In Germany, Austria, Switzerland, revenues were €525 million, down 1% or up 2% trading days adjusted. In Germany & Austria, revenues were down 3% or down 1% trading days adjusted, impacted by the ongoing merger of the Adecco and Tuja general staffing brands, and regulatory changes. In Switzerland, revenues grew by 10% or by 15% trading days adjusted.

In Benelux and Nordics, revenues were €511 million, up 7% or up 10% trading days adjusted. In the Nordics, revenues were up 6% or up 10% trading days adjusted, led by double-digit growth in Norway, while growth in Sweden was slightly negative, or flat trading days adjusted, against a tough prior year comparable. Revenues in Benelux were up 8% or up 10% trading days adjusted. Growth continued to be double-digit in the Netherlands while in Belgium growth was a high-single-digit, both trading days adjusted.

In Italy, revenues were €477 million, up 17% or up 19% trading days adjusted, decelerating after five quarters of very strong growth while Iberian revenues were €273 million, up 13% or up 15% trading days adjusted.

In the Rest of World region, revenues were €57 million, up 4% organically or 6% trading days adjusted. Revenue growth was 13% in Australia & New Zealand, 14% in Latin America, 5% in Eastern Europe & MENA. While Asia was down 1% and India was down 14%, all trading days adjusted.

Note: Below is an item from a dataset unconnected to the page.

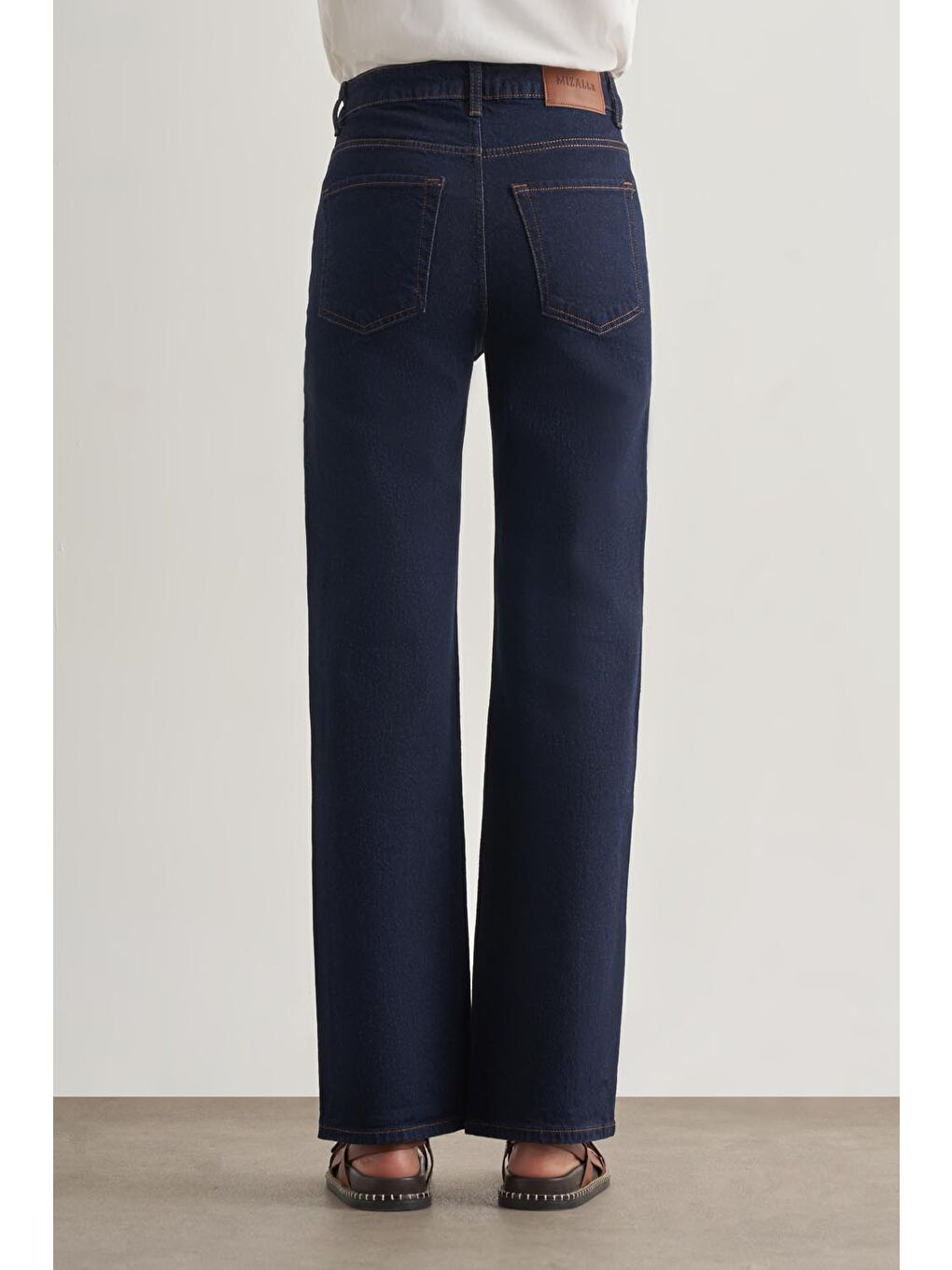 Straight Fit Yüksek Bel Lacivert Denim Pantolon-4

The Adecco Group provided further information on its €335 million acquisition of General Assembly originally announced in April. General Assembly is a provider of up-/re-skilling and lifelong learning.  Among the synergies Adecco expects an enhanced value proposition for Lee Hecht Harrison; access to a pool of highly-skilled talent for Professional Staffing & Solutions brands and the ability to leverage “multiple workforce megatrends to expand into a high-growth, high-margin adjacent market.

In its management outlook, the Group announced that revenue growth in March and April 2018 combined was 5-6%, organically and trading days adjusted. In Q2 2018, bank holiday phasing will be favourable and is expected to positively impact Group gross margin by approximately 15 bps compared to Q2 2017.

As of last trade, The Adecco Group traded at CHF 63.14 (€52.90), down 3.4% on the day and set a 52-week low during today’s trading session. Based on its current share price the company has a market value of CHF 11.31bn billion (€ 9.48 billion).